Sustentado ou não por conluios, formado muitas vezes de polêmicas, escopo da lapidação do ego ou da luta por um espaço já tão ocupado, tão apertado de opiniões, técnicas, histórias e ideias, o universo dos prêmios literários, dos triunfos trazidos pela imaginação ou pela construção de um nome, pode ser a única forma de não apenas valorizar a literatura, mas respeitá-la. Reconhecer seu espaço precioso. Resistir (porque a arte também é movimento de resistência) à força esmagadora da cultura da preguiça, da mídia fácil e mastigada. Dar voz a quem tem na linguagem, nas palavras, a sua forma de sobrevivência. Assim como tornar a vida do escritor mais possível, menos romântica — sem anular seu romantismo. A literatura precisa ser premiada, ela é a natureza das ideias, das possibilidades. Ela é o registro axiomático da dúvida, portanto, do pensamento de um tempo.

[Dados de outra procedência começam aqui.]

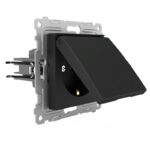 Розетка 1-м СП Pixel 16А IP20 с заземл. защ. шторки с крышкой механизм карбон TOKOV ELECTRIC TKE-PX-R1ZSW1-C14 — изображение 4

Neste ano, a Ateliê Editorial possui três finalistas no mais tradicional prêmio literário brasileiro, o Prêmio Jabuti, nas categorias Poesia e Projeto Gráfico. São eles: a Antologia da Poesia Erótica Brasileira, organizada por Eliane Robert Moraes, Viagem a um Deserto Interior, de Leila Guenther, e Capas de Santa Rosa, um trabalho de Luís Bueno, com projeto da Negrito Produção Editorial e lançado em coedição com as Edições SESC SP. São livros que, como todos os outros finalistas, foram reconhecidos por sua qualidade e têm, através de suas indicações, o papel de estimular ainda mais novos olhares, novos leitores e expandir a qualidade literária atual, seja na criação, a partir de várias ideias, seja num projeto que as organize com mestria.

 

*Escritor, nascido no ano de 1988 em Florianópolis, SC, e radicado em Minas Gerais. Publicou Esdrúxulas, pequeno livro de contos de humor negro e realismo mágico, seguido pelo livro artesanal Trincada. Teve contos e poemas publicados em sete coletâneas e em revistas literárias virtuais, assim como resenhas de livros, entrevistas e críticas em sites de jornalismo cultural. O Frágil Toque dos Mutilados (Autêntica Editora, 2015), seu romance de estreia, venceu o Prêmio Governo de Minas Gerais de Literatura 2012 na categoria Jovem Escritor.